The HTML specification defines a single language that can be written either with the relaxed HTML syntax or the stricter XML syntax (Extensible Markup Language). HTML also addresses the needs of Web apps. HTML only describes the meaning of the content, not style and formatting. To define appearance and layout, please use CSS, not explicit presentational HTML.

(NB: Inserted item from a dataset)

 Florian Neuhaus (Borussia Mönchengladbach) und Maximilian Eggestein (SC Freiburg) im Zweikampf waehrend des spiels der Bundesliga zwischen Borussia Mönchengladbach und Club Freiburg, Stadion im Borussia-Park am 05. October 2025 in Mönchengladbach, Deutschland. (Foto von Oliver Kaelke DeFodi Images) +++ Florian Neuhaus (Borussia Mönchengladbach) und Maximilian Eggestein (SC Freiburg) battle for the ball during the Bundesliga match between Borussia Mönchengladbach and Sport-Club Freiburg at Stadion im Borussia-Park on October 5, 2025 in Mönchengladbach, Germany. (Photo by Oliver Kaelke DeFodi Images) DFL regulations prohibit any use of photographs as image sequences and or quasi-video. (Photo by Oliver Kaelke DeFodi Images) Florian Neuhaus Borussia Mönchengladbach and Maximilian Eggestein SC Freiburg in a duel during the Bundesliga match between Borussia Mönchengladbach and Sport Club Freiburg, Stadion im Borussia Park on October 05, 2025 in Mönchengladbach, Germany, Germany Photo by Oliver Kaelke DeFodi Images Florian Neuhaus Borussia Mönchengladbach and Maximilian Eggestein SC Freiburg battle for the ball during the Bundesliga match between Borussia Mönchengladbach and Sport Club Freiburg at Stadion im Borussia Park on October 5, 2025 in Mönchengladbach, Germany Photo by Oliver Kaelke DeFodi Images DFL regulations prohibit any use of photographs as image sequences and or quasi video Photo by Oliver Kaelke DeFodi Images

This article provides an introduction to HTML. If you've ever wondered what goes on behind the scenes in your web browser, this article is the place to start learning.

History of HTML

Tim Berners-Lee, physicist at CERN (the European Organization for Nuclear Research), devised a way in the late 1980s for scientists to share documents over the Internet. Before that, Internet communication had been limited to plain text, using technologies such as email, FTP (File Transfer Protocol), and Usenet-based discussion boards. HTML used a content model stored on a central server but transferrable to a local workstation and viewable in a browser, simplifying access to content and making "rich" content possible (such as sophisticated text formatting and images). HTML is derived from SGML, which is a complex syntax for marking up or binding of content (text or graphics) in documents; as of HTML5, HTML no longer attempts to adhere to SGML syntax.

What is HTML?

HTML is a markup language. The word markup was used by editors who marked up manuscripts (usually with a blue pencil) when giving instructions for revisions. "Markup" now means something slightly different: a language with specific syntax that instructs a Web browser how to display a page. Once again, HTML separates "content" (words, images, audio, video, and so on) from "presentation" (instructions for displaying each type of content). HTML uses a pre-defined set of elements to define content types. Elements contain one or more "tags" that contain or express content. Tags are enclosed by angle brackets, and the closing tag begins with a forward slash.

The basic HTML code structure is shown below:

<html>
<head>
    <title>Page title here</title>
</head>
<body>
    This is sample text...
    <!-- We use this syntax to write comments -->
    <!-- Page content and rest of the tage here... -->
    <!-- This is the actual area that gets shown in the browser -->
</body>
</html>

Most browsers allow the user to view the HTML of any webpage. In Firefox, for example, press Ctrl + U to view the page source. Beginners will find the code nearly unreadable for a complex page, but if you spend some time looking at the code for a simple page and comparing it to the page the code renders, you will soon develop a clear understanding of how the syntax works.

The paragraph element consists of the start tag "<p>" and the closing tag "</p>". The following example shows a paragraph contained within the HTML paragraph element. Remember that your browser will not display more than one space character in a row.

<p>You are beginning to learn HTML.</p>

When this content is displayed in a web browser, it looks like this:

The browser uses tags as an indicator of how to display the content in the tags.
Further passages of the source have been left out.